**What this task involves**
Below are the records. Reproduce the line that contains "4910 Mint Trail, Houston, TX 77066" and every line after it to the end, exactly and alone.

┄┄┄┄┄┄

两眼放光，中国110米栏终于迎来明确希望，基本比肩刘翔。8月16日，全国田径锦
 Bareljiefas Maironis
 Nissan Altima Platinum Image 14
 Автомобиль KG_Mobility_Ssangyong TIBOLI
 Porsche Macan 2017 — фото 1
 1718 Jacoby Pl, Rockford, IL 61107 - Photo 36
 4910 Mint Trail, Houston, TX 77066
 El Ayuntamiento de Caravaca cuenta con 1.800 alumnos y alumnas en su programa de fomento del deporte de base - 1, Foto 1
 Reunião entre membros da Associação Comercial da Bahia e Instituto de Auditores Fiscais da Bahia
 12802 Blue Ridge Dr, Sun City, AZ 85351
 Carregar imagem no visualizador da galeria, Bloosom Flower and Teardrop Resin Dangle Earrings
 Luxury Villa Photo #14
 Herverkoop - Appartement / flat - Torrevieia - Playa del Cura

┄┄┄┄┄┄

**Output for this task**
 4910 Mint Trail, Houston, TX 77066
 El Ayuntamiento de Caravaca cuenta con 1.800 alumnos y alumnas en su programa de fomento del deporte de base - 1, Foto 1
 Reunião entre membros da Associação Comercial da Bahia e Instituto de Auditores Fiscais da Bahia
 12802 Blue Ridge Dr, Sun City, AZ 85351
 Carregar imagem no visualizador da galeria, Bloosom Flower and Teardrop Resin Dangle Earrings
 Luxury Villa Photo #14
 Herverkoop - Appartement / flat - Torrevieia - Playa del Cura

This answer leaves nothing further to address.